/WSPAlign

WSPAlign: Word Alignment Pre-training via Large-Scale Weakly Supervised Span Prediction, to appear at ACL 2023 main conference.

Primary LanguagePythonOtherNOASSERTION

WSPAlign

WSPAlign: Word Alignment Pre-training via Large-Scale Weakly Supervised Span Prediction, published at ACL 2023 main conference.

This repository includes the source codes of paper WSPAlign: Word Alignment Pre-training via Large-Scale Weakly Supervised Span Prediction. Part of the implementation is from word_align.

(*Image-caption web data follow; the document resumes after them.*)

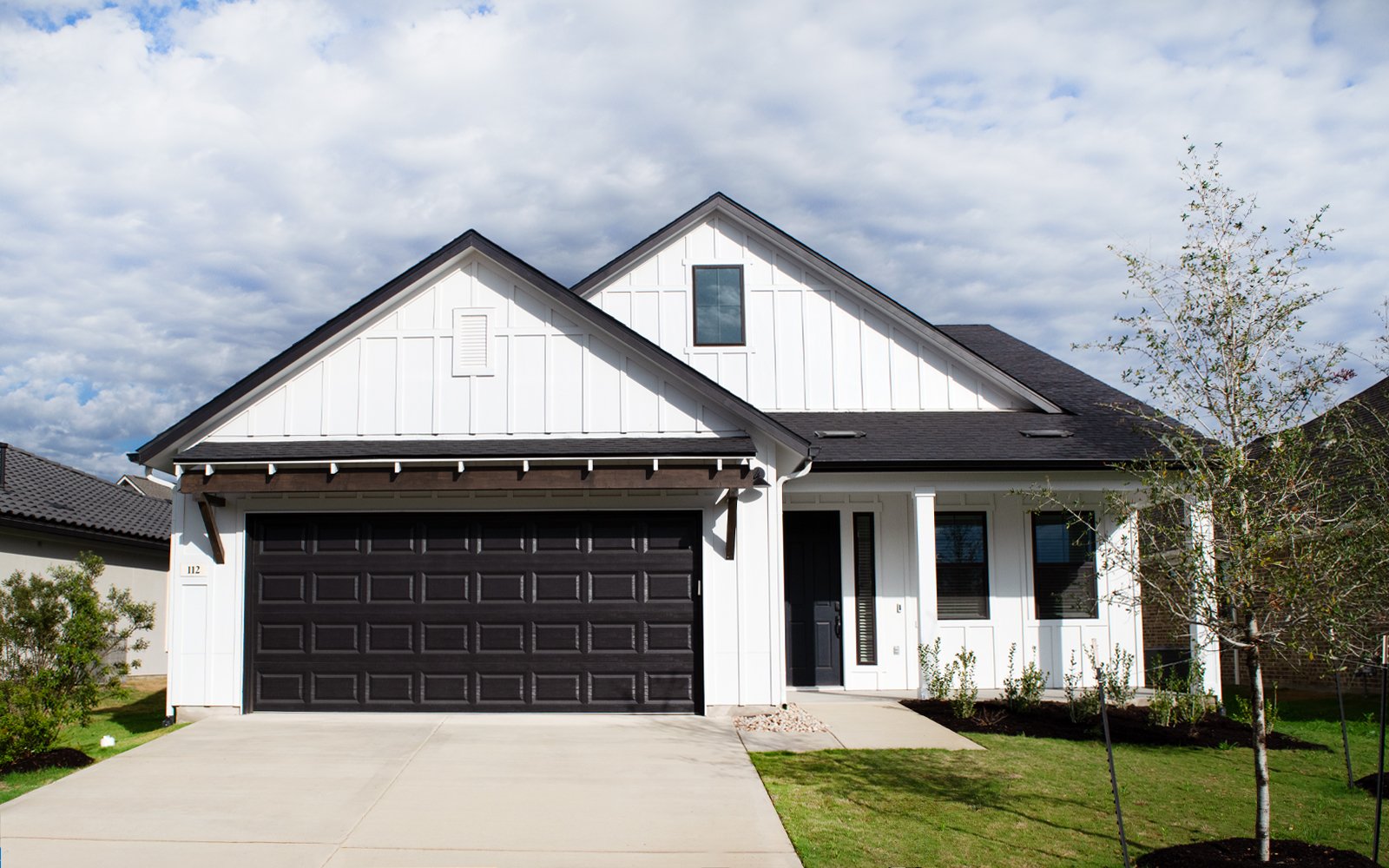 112 Olive Blossom Trail - Tulane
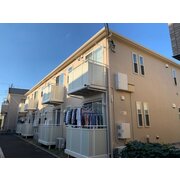 物件名が入ります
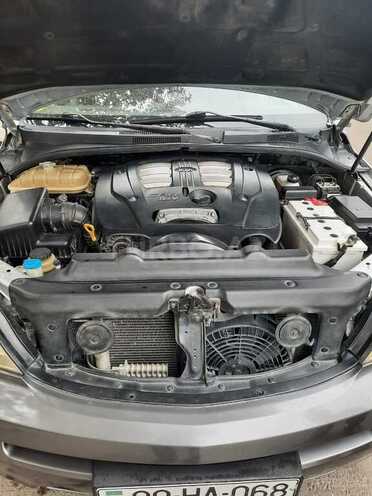 Kia Sorento 2004, 302,282 km - 2.5 l - Mingəçevir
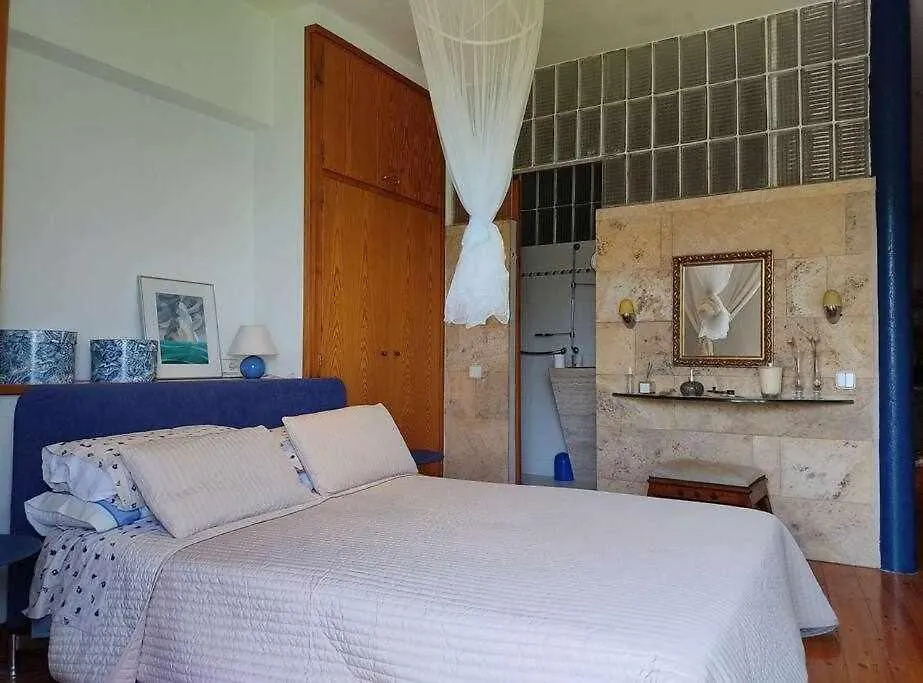 Holiday Duplex Cap Sa Sal At The Edge Of The Sea Begur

The implementation of inference and evaluation are at WSPAlign.InferEval.

Requirements

Run pip install -r requirements.txt to install all the required packages.

Model list

Model List Description
qiyuw/WSPAlign-xlm-base Pretrained on xlm-roberta
qiyuw/WSPAlign-mbert-base Pretrained on mBERT
qiyuw/WSPAlign-ft-kftt Finetuned with English-Japanese KFTT dataset
qiyuw/WSPAlign-ft-deen Finetuned with German-English dataset
qiyuw/WSPAlign-ft-enfr Finetuned with English-French dataset
qiyuw/WSPAlign-ft-roen Finetuned with Romanian-English dataset

Use our model checkpoints with huggingface

Note: For Japanese, Chinese, and other asian languages, we recommend to use mbert-based models like qiyuw/WSPAlign-mbert-base for better performance as we discussed in the original paper.

Data preparation

Dataset list Description
qiyuw/wspalign_pt_data Pre-training dataset
qiyuw/wspalign_ft_data Finetuning dataset
qiyuw/wspalign_few_ft_data Few-shot fintuning dataset
qiyuw/wspalign_test_data Test dataset for evaluation

Construction of Finetuning and Test dataset can be found at word_align.

Run download_dataset.sh to download all the above datasets.

Pre-train and finetune

You can do pre-train, finetune and evaluate by running the following scripts.

Pre-train

See pretrain.sh for details.

You can also use pre-traned model to directly do word alignment (zero-shot), see zero-shot.sh for details.

Finetune

See finetune.sh, fewshot.sh for details.

Evaluate

Refer to WSPAlign Inference for details.

Citation

If you use our code or model, please cite our paper:

@inproceedings{wu-etal-2023-wspalign,
    title = "{WSPA}lign: Word Alignment Pre-training via Large-Scale Weakly Supervised Span Prediction",
    author = "Wu, Qiyu  and Nagata, Masaaki  and Tsuruoka, Yoshimasa",
    booktitle = "Proceedings of the 61st Annual Meeting of the Association for Computational Linguistics (Volume 1: Long Papers)",
    month = jul,
    year = "2023",
    address = "Toronto, Canada",
    publisher = "Association for Computational Linguistics",
    url = "https://aclanthology.org/2023.acl-long.621",
    pages = "11084--11099",
}

License

This software is released under the CC-BY-NC-SA-4.0 License, see LICENSE.txt.